Younger kids vulnerable to social media predators
Fake facebook accounts
Fake Facebook Video by IdahoOnYourSide.comvideo
A warning for parents who have kids and teens with electronic devices. Because the devices are so popular, more and more teens are falling prey to internet predators. These days kids of all ages have the devices. What they also have is access to a ton of internet dangers. Most parents will tell you they can barely keep up with their kids’ technology.
School resource officer Dave Gomez wants parents to know that when it comes to social media the same is true.
“Instagram, Pinterest, Snapchat and Tumbler; all of these social media that are just beginning, the kids already know about and the parents don't,” said Officer Dave Gomez.
He says parents need to first educate themselves about what’s already available. That way, when you give your kid a new piece of technology, they know how to safely use it.
You can try to delete their apps, but kids can upload a new social media app, in the time it takes to read this story.
“Sixth graders are just getting into Facebook, seventh graders already have a lot of Facebook,” said Gomez.
We're talking about middle school kids, not high school. These kids are anywhere from 11 to 13 years old.
“I see a lot of the seventh graders in middle school that have you know, that have anywhere from 100 friends to 1300 friends. There’s no way they know all those friends.
Even though Facebook requires users to be at least 13 years old to set up an account, kids always manage to find a way. So, who are the people those kids are talking to? Police say, in some cases they are internet predators and they are after your kids.

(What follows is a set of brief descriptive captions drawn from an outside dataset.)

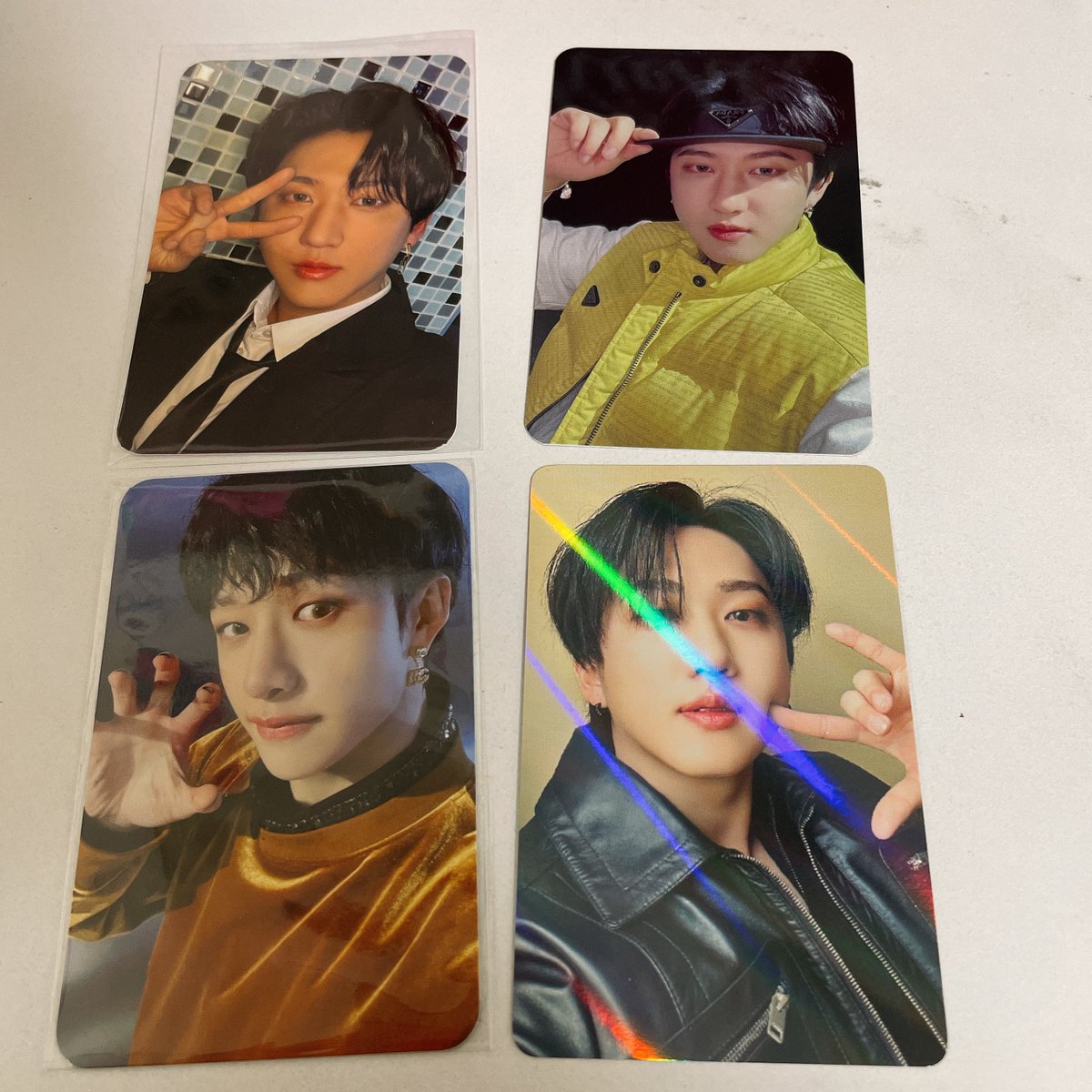 mongdda_'s tweet photo. 交換 スキズ トレカ 店舗特典 makestar メクス yes24 JYP BDM Stray kids 5star

譲：チャンビン バンチャン

求：画像2.3枚目🤍
同種異種 スンミン アイエン

上記交換先を探しております。硬質ケース+防水をして郵送希望
お心当たりがございましたらお気軽にお問い合わせ下さい。 https://t.co/Nc3GHgqaFJ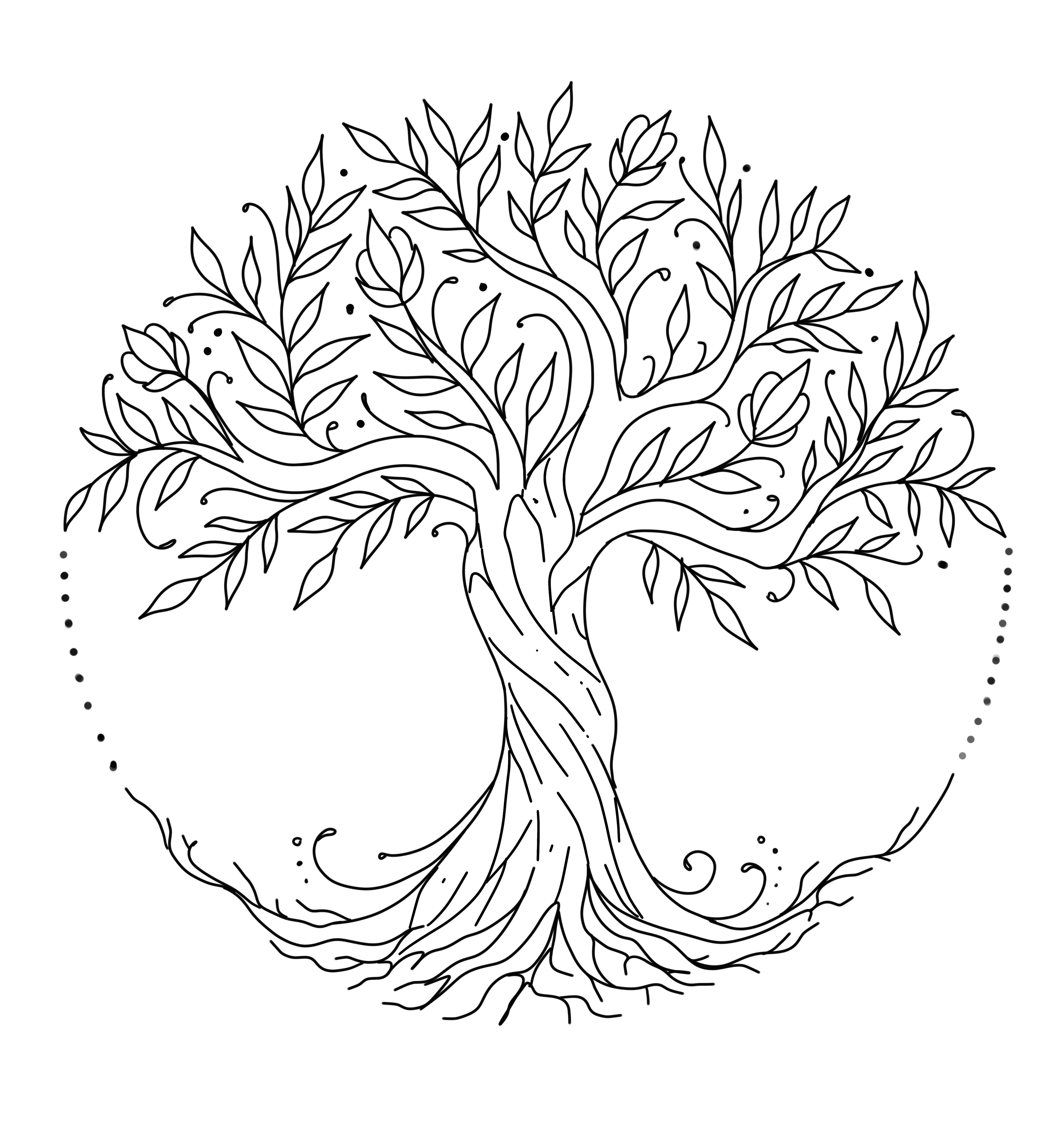 tree of life tattoo ideas 0038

“Sometimes they just ask for pictures, they can ask for inappropriate pictures, they can ask to met the kids, and have the kids go somewhere with them,” said Gomez.

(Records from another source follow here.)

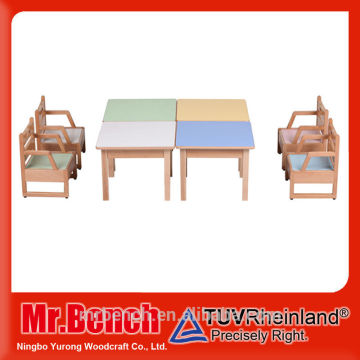 Solid wood square wood table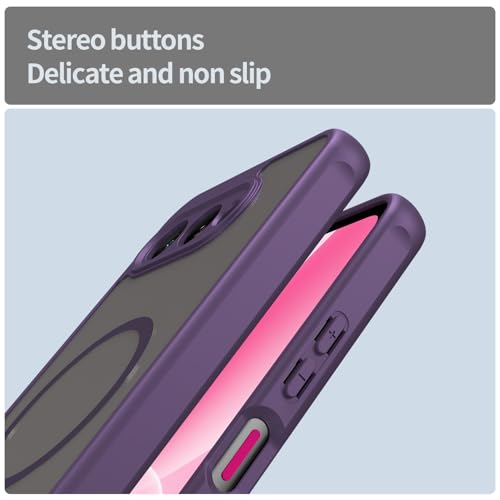 Image of Compatible with T-Mobile Revvl 8 Case Cover,Compatible with MagSafe,Anti-Fall,Compatible with T-Mobile T Phone 3 5G Cell Protective Phone Case Purple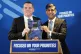 Scottish Conservative leader Douglas Ross (left) and Prime M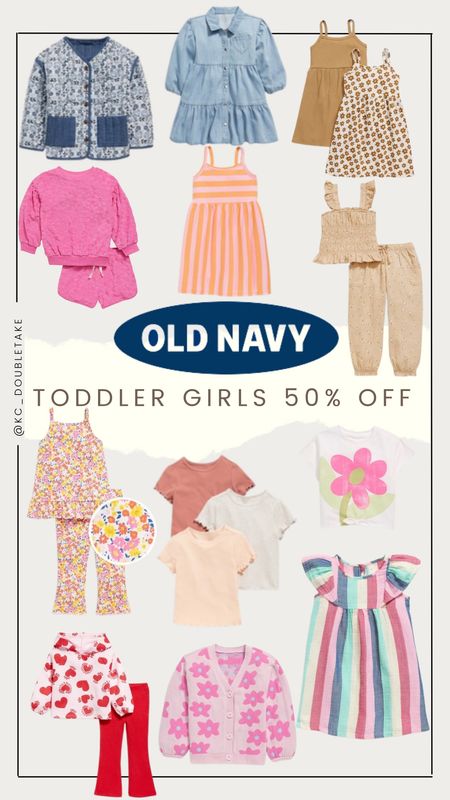 50% off old navy sitewide! 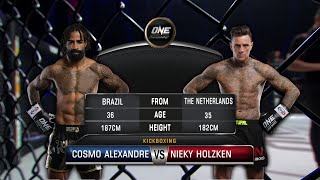 Nieky Holzken vs Cosmo Alexandre  Full Fight Replay [upl. by Attelra]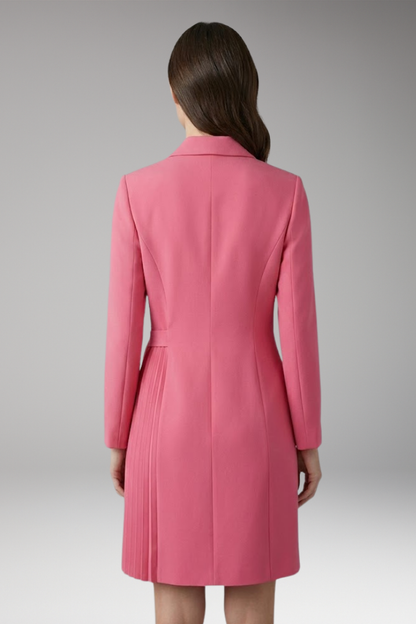 Women's Blazer Dress Notched Collar Slit Detail
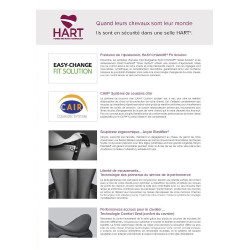 Selle Bates Kimberley Stock Cair avec Fenders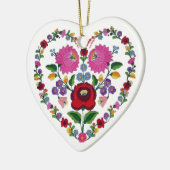 OPUS CHANGEABELD Hongaars Hart TBA Keramisch Ornament (Links)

What can parents do? A few simple things.
“Parents should do a phone check, do a computer check and do an email check,” said Gomez.
Also, have a central place where your kids can plug in all of their electronic devices.
“That works very good, then parents can go check these devices and kids aren't staying up late at night, texting their friends emailing, making videos and doing whatever, instead of sleeping,” said Gomez.
Another idea that Officer Gomez likes, is having your teen explain all the apps on their phone and go through them with them. Finally, he didn't really like the idea of a contract with your teen. He says you as a parent make the rules.